Available data:
*** Block opens ***

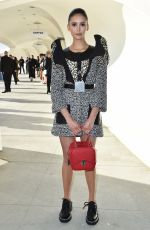 NINA DOBREV at Louis Vuitton Cruise 2020 Fashion Show at JFK Airport in New Yokr 05/08/2019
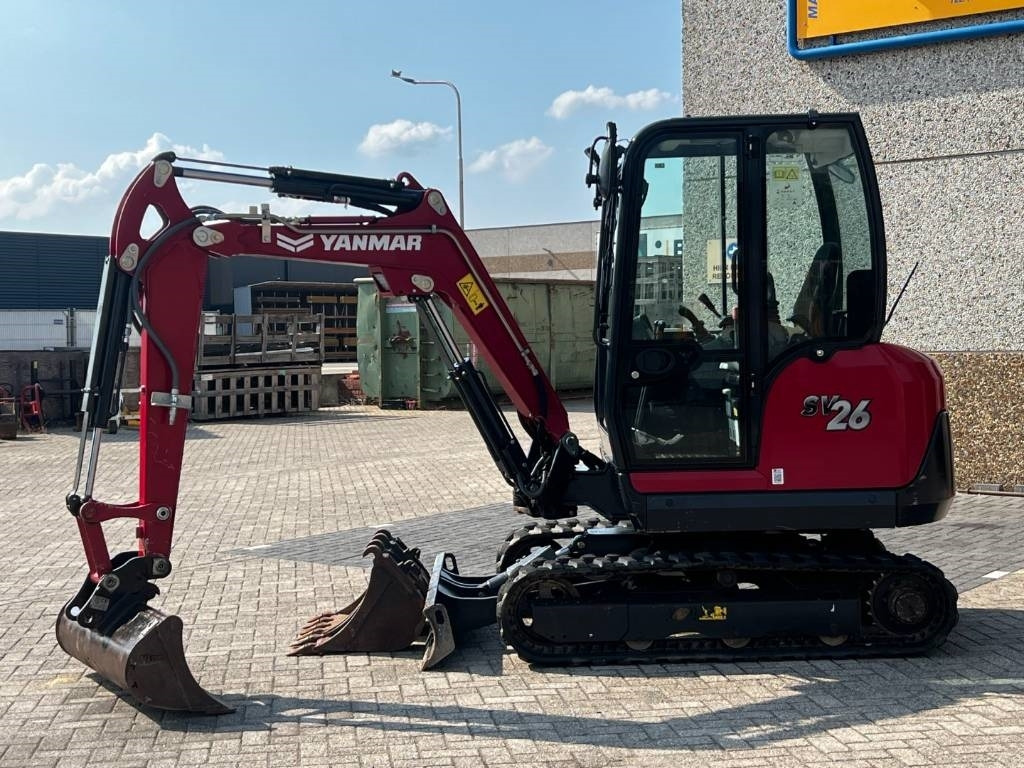 Yanmar SV26, quick bucket release, 294 hours, 2022! - Minigravemaskine: billede 2 Yanmar SV26, quick bucket release, 294 hours, 2022! - Minigravemaskine: billede 2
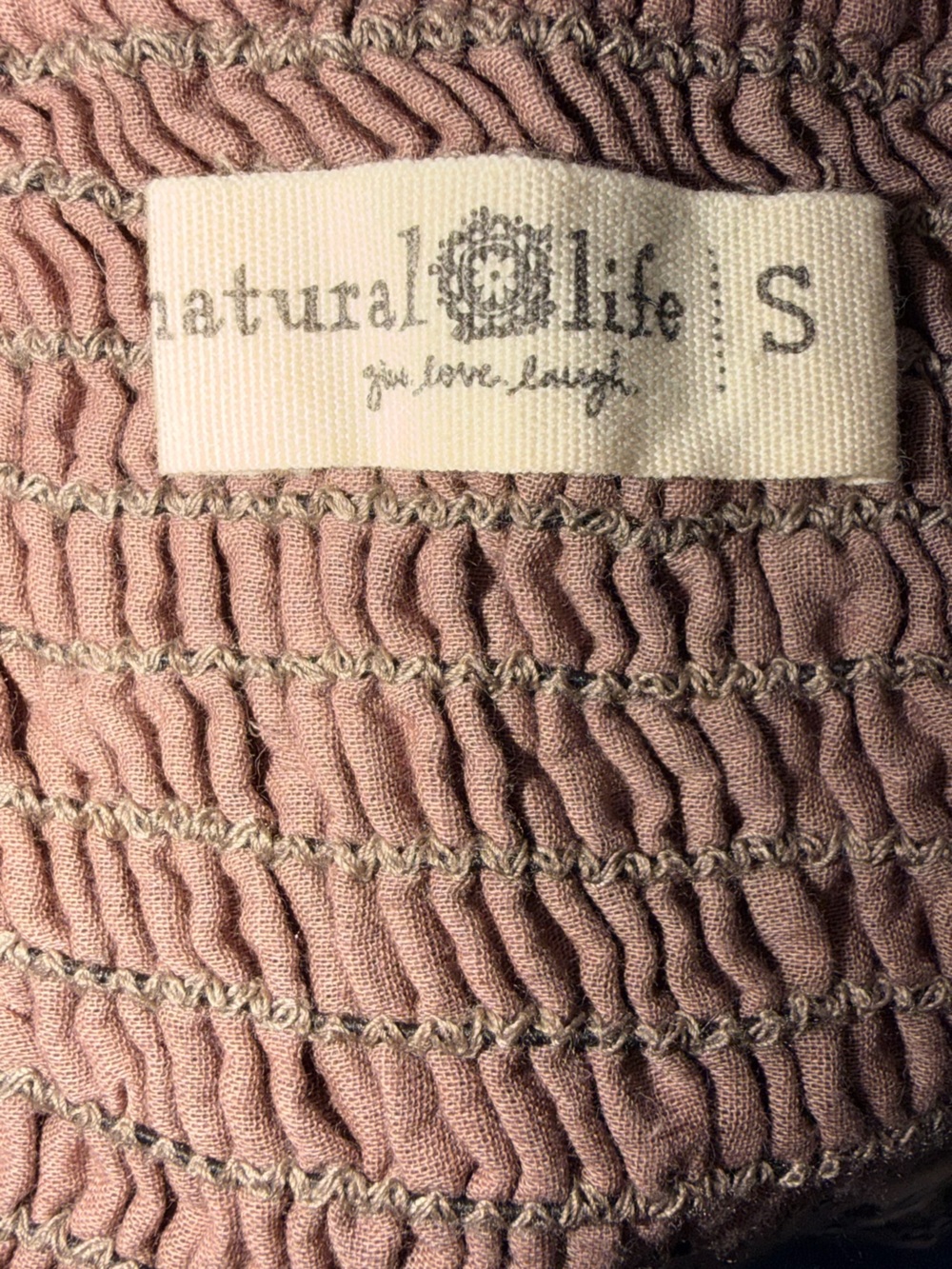 Natural Life Boho Floral Maxi Dress Size S - Picture 6 of 7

*** Block closes ***

Task goal:
Reproduce the listing exactly, minus its pictures.

Result of the exercise:
 NINA DOBREV at Louis Vuitton Cruise 2020 Fashion Show at JFK Airport in New Yokr 05/08/2019
 Yanmar SV26, quick bucket release, 294 hours, 2022! - Minigravemaskine: billede 2 Yanmar SV26, quick bucket release, 294 hours, 2022! - Minigravemaskine: billede 2
 Natural Life Boho Floral Maxi Dress Size S - Picture 6 of 7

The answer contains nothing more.